The different cardiac cell types are essential for heart function. Cardiac myocytes provide contraction force, while fibroblasts provide extracellular matrix essential for the structural scaffold of the heart. In heart disease, activation of fibroblasts is the key event for the development of pathological cardiac fibrosis. So far, the underlying transcriptional mechanisms of fibroblast activation remain unresolved in the heart. Of central importance for transcriptional control are enhancer elements. These elements bind transcription factors and enhance the activity of distal gene promoters. Enhancer elements are highly cell type- and activation state-specific and thus represent a promising target for future interventions.The aim of this project is to identify and modulate enhancer elements crucial for fibroblast activation using epigenetic methods and CRISPR interference (CRISPRi). To reach this aim we plan three project parts.Aim 1 is to identify enhancer elements associated with fibroblast activation in hypertrophic hearts (TAC) and after pharmacological stimulation mimicking neurohormonal activation using genome wide chromatin state analysis. We will perform chromatin conformation analysis (Hi-ChIP) to link enhancers and target genes. This project part will identify enhancer elements involved in fibroblast activation and will resolve affected enhancer-promoter contacts. Aim 2 is to test the functional relevance of fibroblast enhancers. We will silence a large set of enhancers identified in aim 1 using a sgRNA-guided nuclease deficient Cas9 fused to a repressor domain (CRISPRi). Therefore, we will apply a two-stage CRISPRi screening strategy. The first stage will identify candidate sgRNAs interfering with fibroblast activation. The second stage will combine CRISPRi experiments with single cell RNA sequencing to decipher the effect of individual as well as combinatorial sgRNAs on gene programs of fibroblast activation. This project part will provide CRISPRi-based methods to interfere with fibroblast activation.Aim 3 is to validate and optimize the specificity of sgRNA sequences and prove the efficacy of CRISPRi-based enhancer silencing in vitro and in vivo.The hypothesis of this work is the control of fibroblast activity using functional genetic perturbation of enhancers. This project will be an important step towards functional genetic therapy of cardiac fibrosis.

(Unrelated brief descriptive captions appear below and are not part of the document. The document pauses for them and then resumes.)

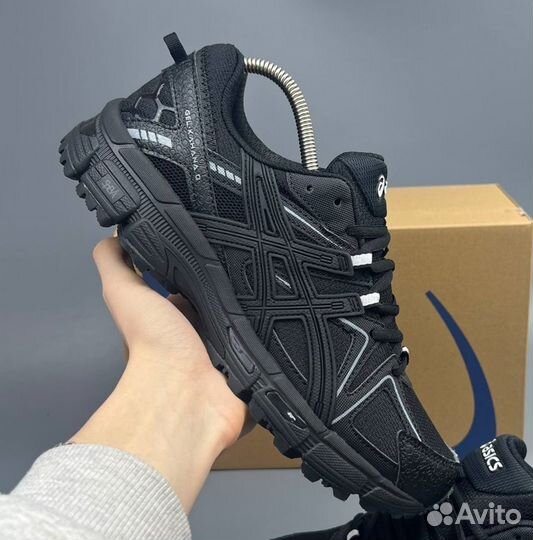 Новинка Asics Gel Kahana 8 Black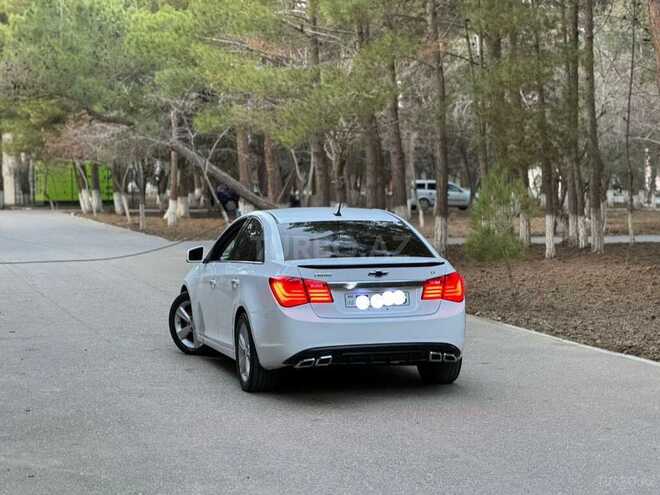 Chevrolet Cruze 2012, 201,000 km - 1.4 l - Sumqayıt
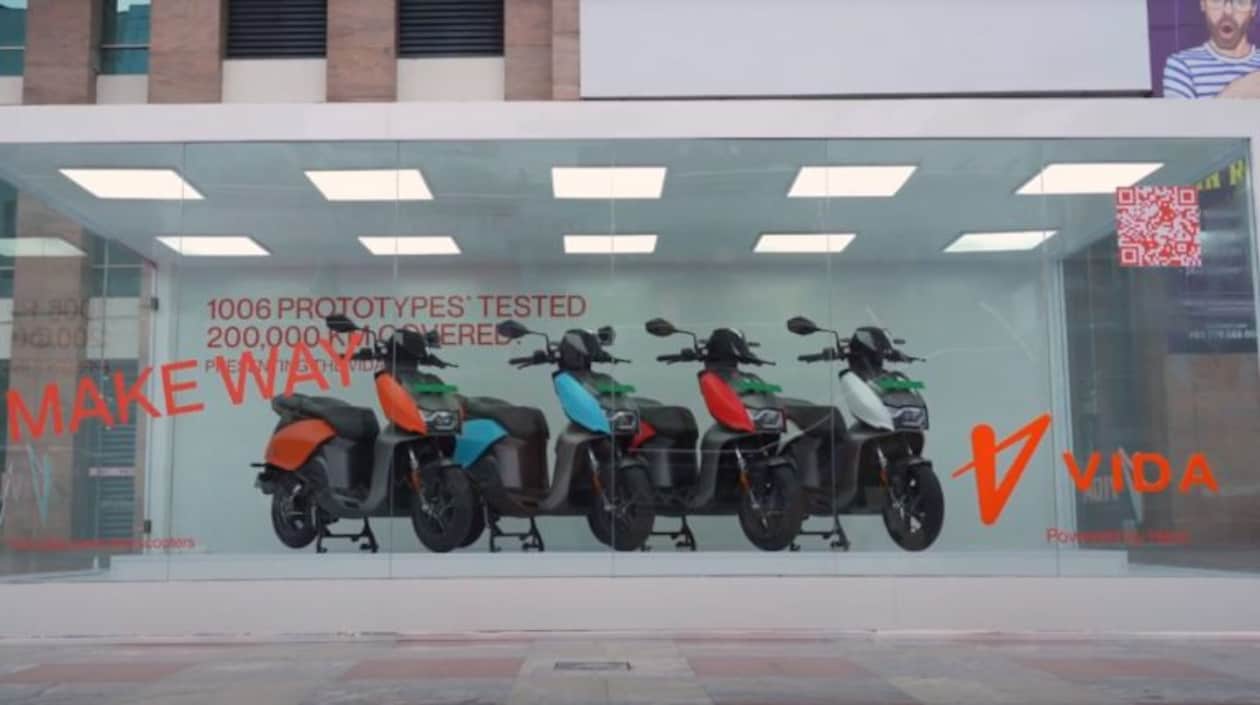 Hero MotoCorp’s VIDA V1 executes its maiden ad campaign with Wieden+Kennedy India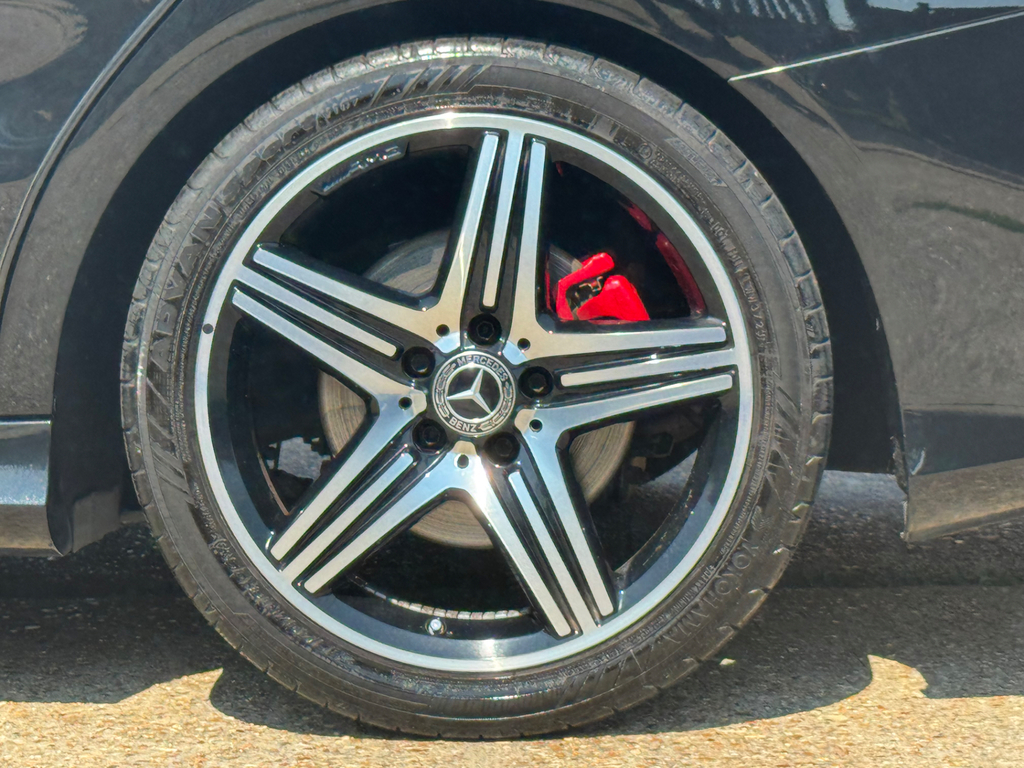 Mercedes-Benz CLA Class Hrefused-mercedes-benz-cla-bolton-greater-manch Grey #68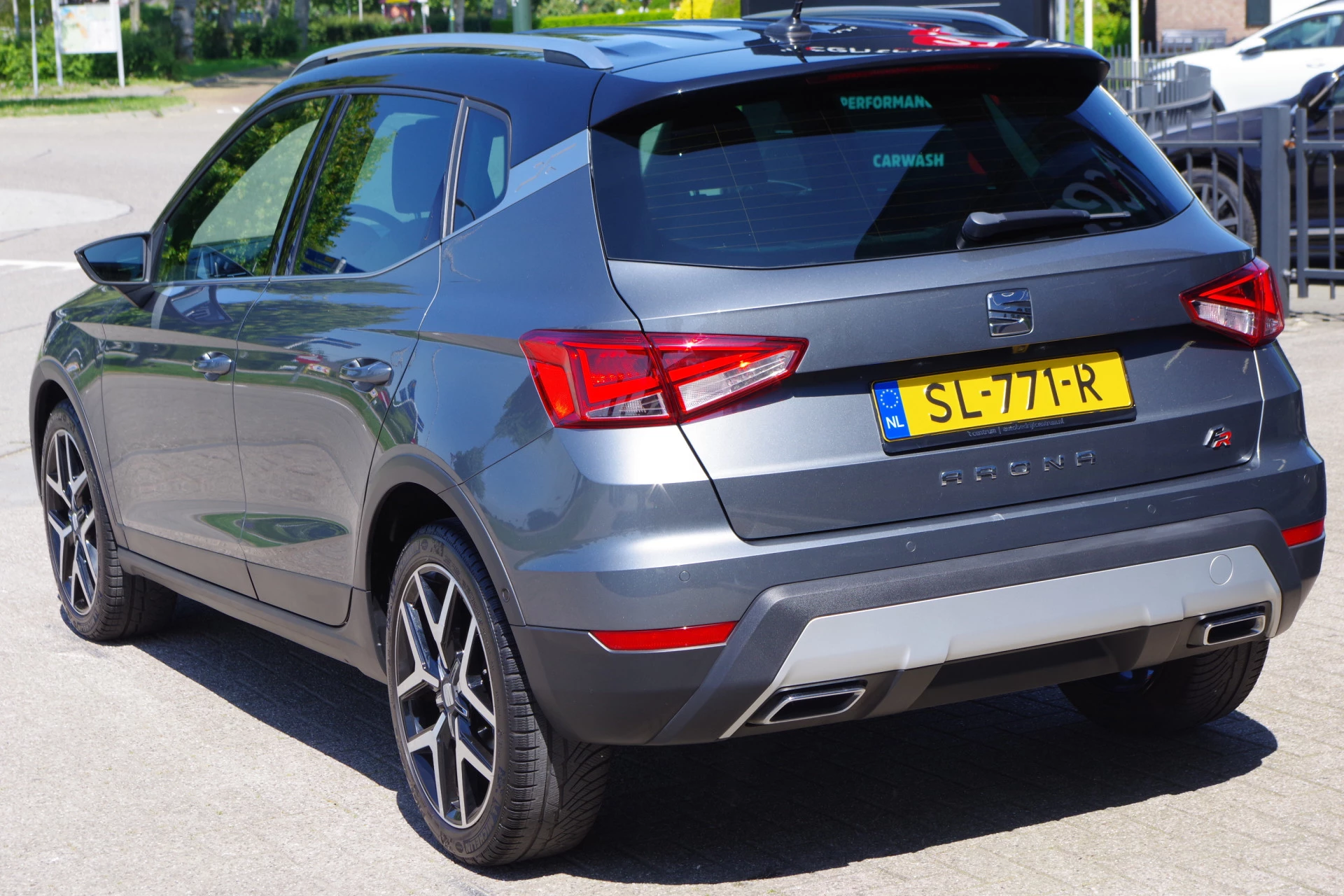 Hoofdafbeelding SEAT Arona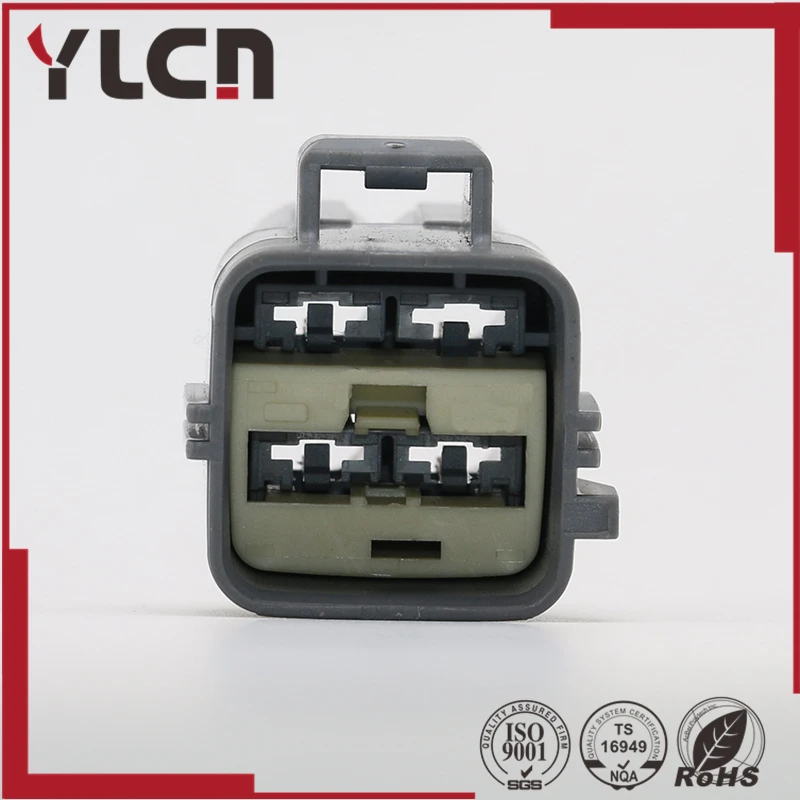 

High Quality 4pin auto waterproof lplug male auto electrical connector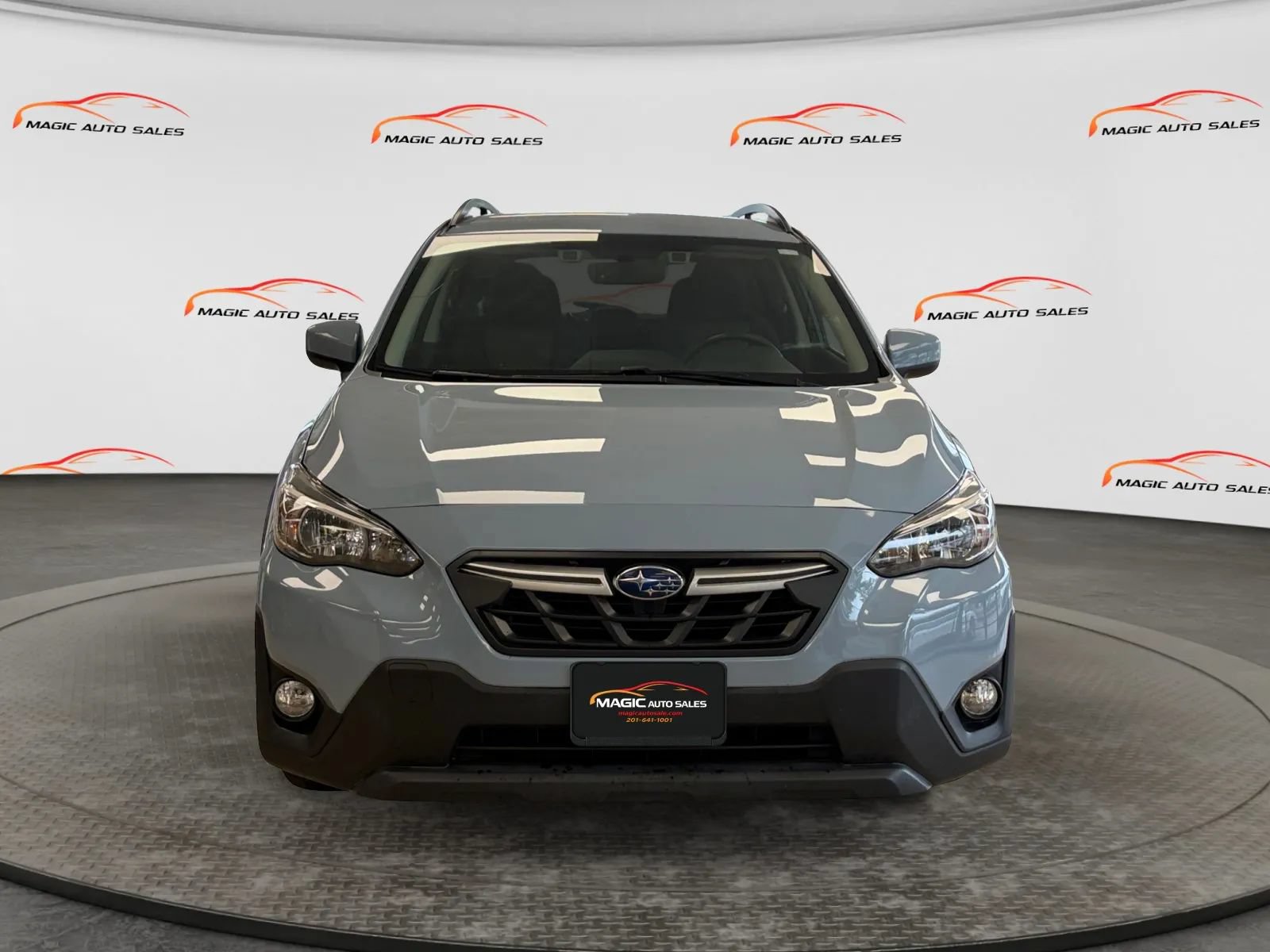 Used 2021 Subaru Crosstrek 2.0i Premium w/ Popular Package #2 AWD/4WD image 3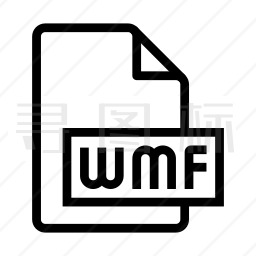 WMF文件图标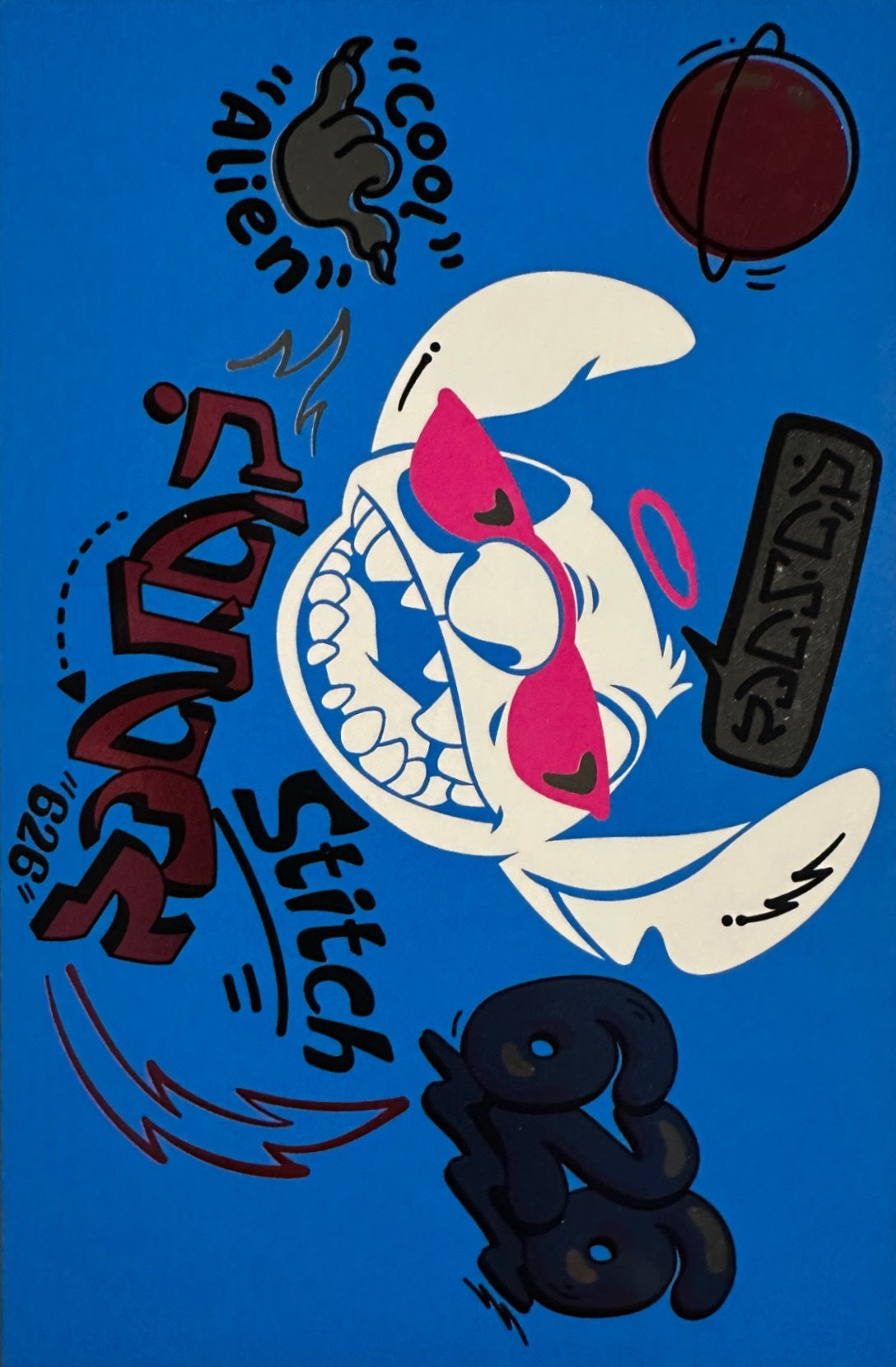 Stitch Mondi Straordinari - Photocard a Scelta 1-108 LIMITED EDITION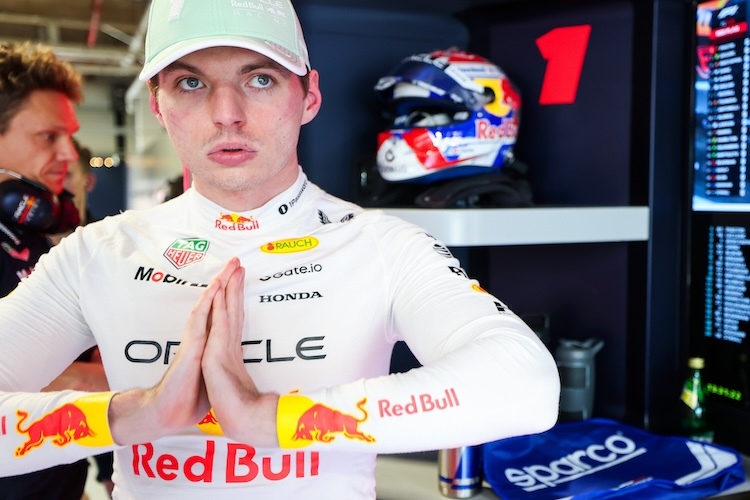Max Verstappen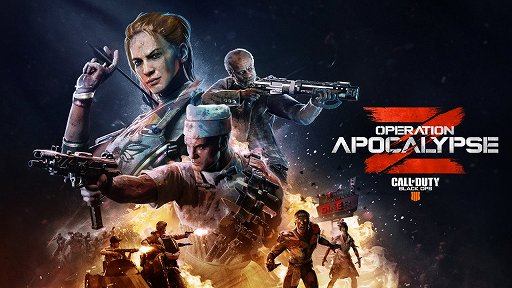 コール オブ デューティ ブラックオプス 4 のアップデート Operation Apocalypse Z が配信 3つのモードに新コンテンツが登場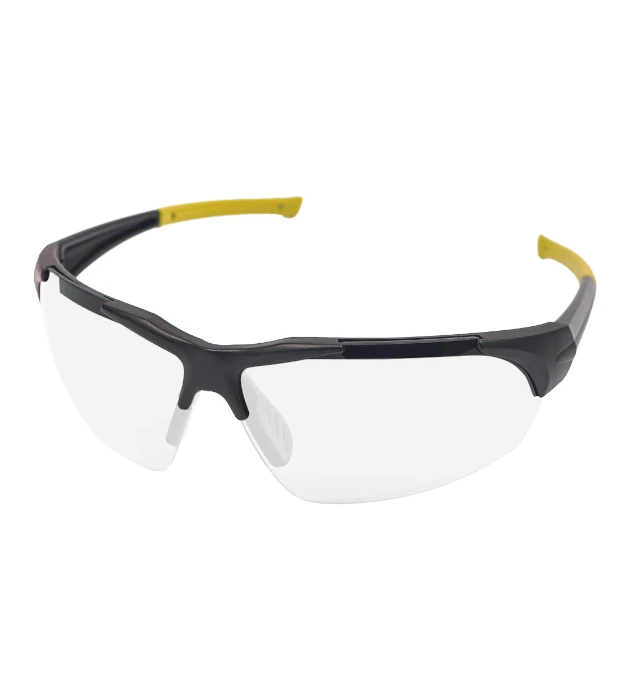 Ochranné pracovné okuliare Cerva HALTON, číré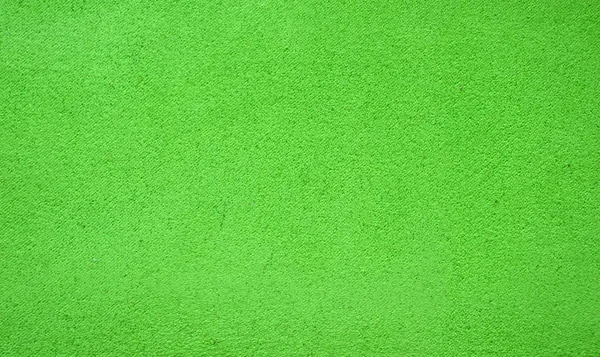 Una Texture Tessile Verde — Foto Stock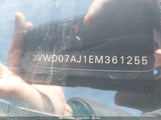VOLKSWAGEN JETTA 1.8T SE 3VWD07AJ1EM361255 photo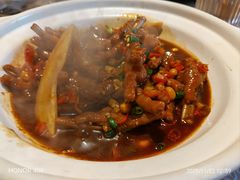 -后湖小院·乡野田园菜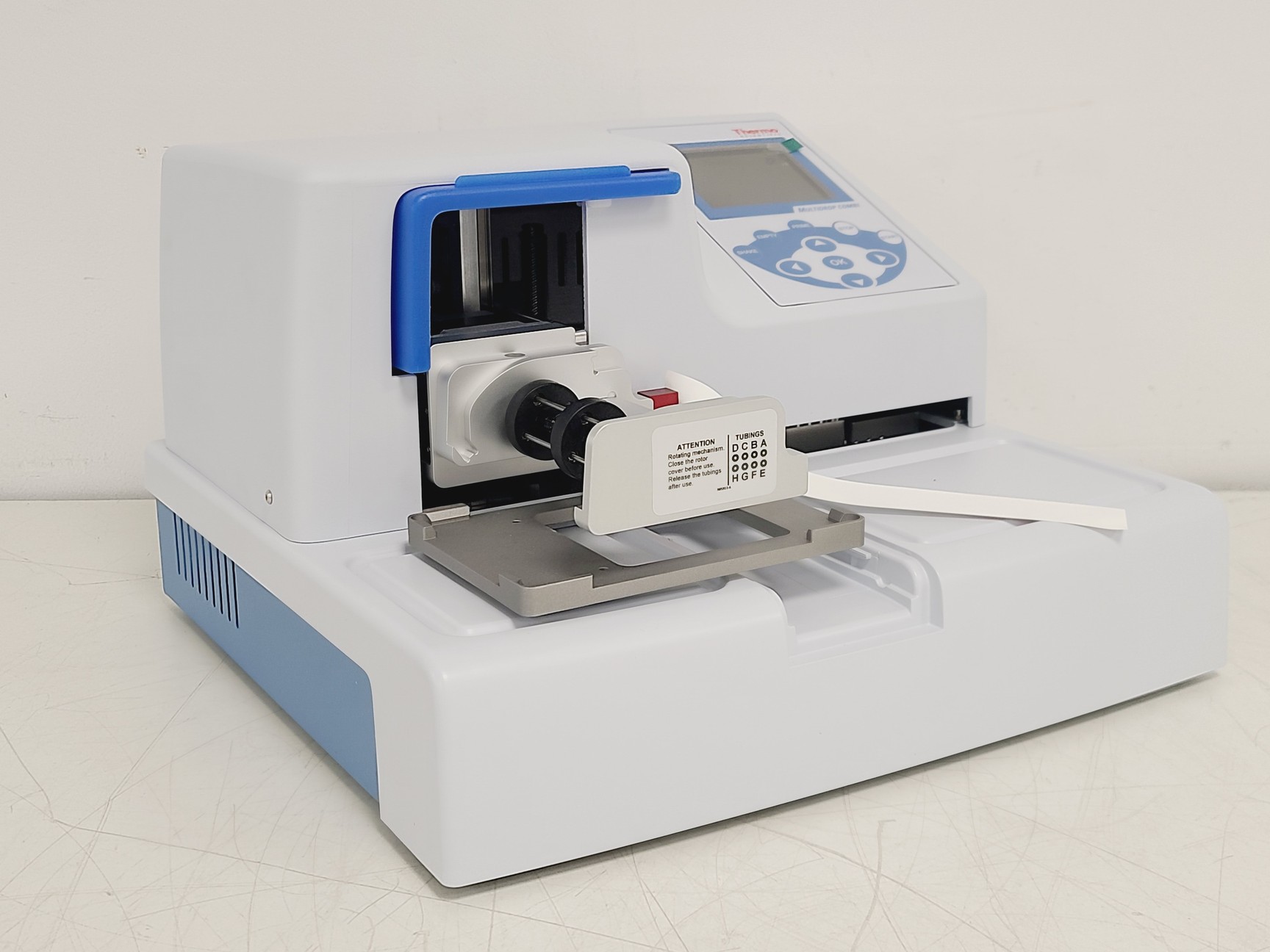Image of Thermo Scientific Multidrop Combi Type 836 (2021) Microplate Reagent Dispenser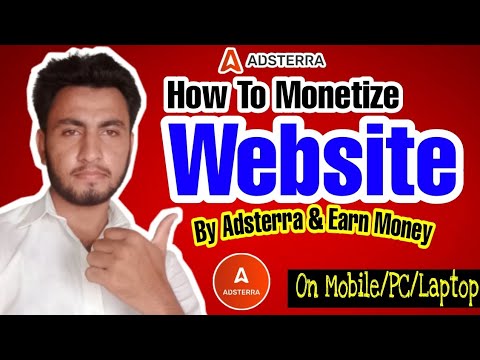 Monetize Your Website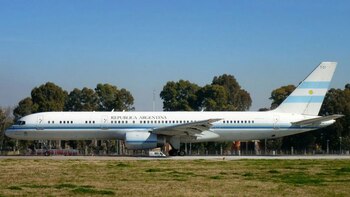 El Tango 01 le dejará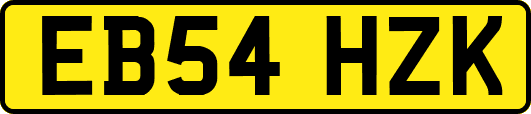 EB54HZK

不同类型的心肌细胞对心脏功能至关重要。心肌细胞提供收缩力，而成纤维细胞提供心脏结构支架所必需的细胞外基质。在心脏病中，成纤维细胞的活化是病理性心脏纤维化发展的关键事件。到目前为止，成纤维细胞激活的潜在转录机制在心脏中仍然没有得到解决。对于转录控制至关重要的是增强子元件。这些元件结合转录因子并增强远端基因启动子的活性。增强子元件具有高度的细胞类型和激活状态特异性，因此代表了未来干预的有希望的靶点。该项目的目的是使用表观遗传学方法和CRISPR干扰（CRISPRi）来识别和调节对成纤维细胞激活至关重要的增强子元件。为了达到这一目标，我们计划三个项目部分。目的1是确定增强子元件与成纤维细胞激活肥大的心脏（TAC）和药理学刺激后，模仿神经激素激活使用全基因组染色质状态分析。我们将进行染色质构象分析（Hi-ChIP）来连接增强子和靶基因。这个项目的一部分将确定参与成纤维细胞活化的增强子元件，并将解决受影响的增强子-启动子接触。目的2是测试成纤维细胞增强剂的功能相关性。我们将使用与阻遏物结构域融合的sgRNA引导的核酸酶缺陷型Cas9（CRISPRi）沉默目标1中鉴定的大量增强子。因此，我们将采用两阶段CRISPRi筛选策略。第一阶段将鉴定干扰成纤维细胞活化的候选sgRNA。第二阶段将联合收割机CRISPRi实验与单细胞RNA测序相结合，以破译单个以及组合sgRNA对成纤维细胞活化基因程序的影响。本项目部分将提供基于CRISPRi的方法来干扰成纤维细胞活化。目的3是验证和优化sgRNA序列的特异性，并在体外和体内证明基于CRISPRi的增强子沉默的有效性。本工作的假设是使用增强子的功能遗传扰动来控制成纤维细胞活性。该项目将是心脏纤维化功能性基因治疗的重要一步。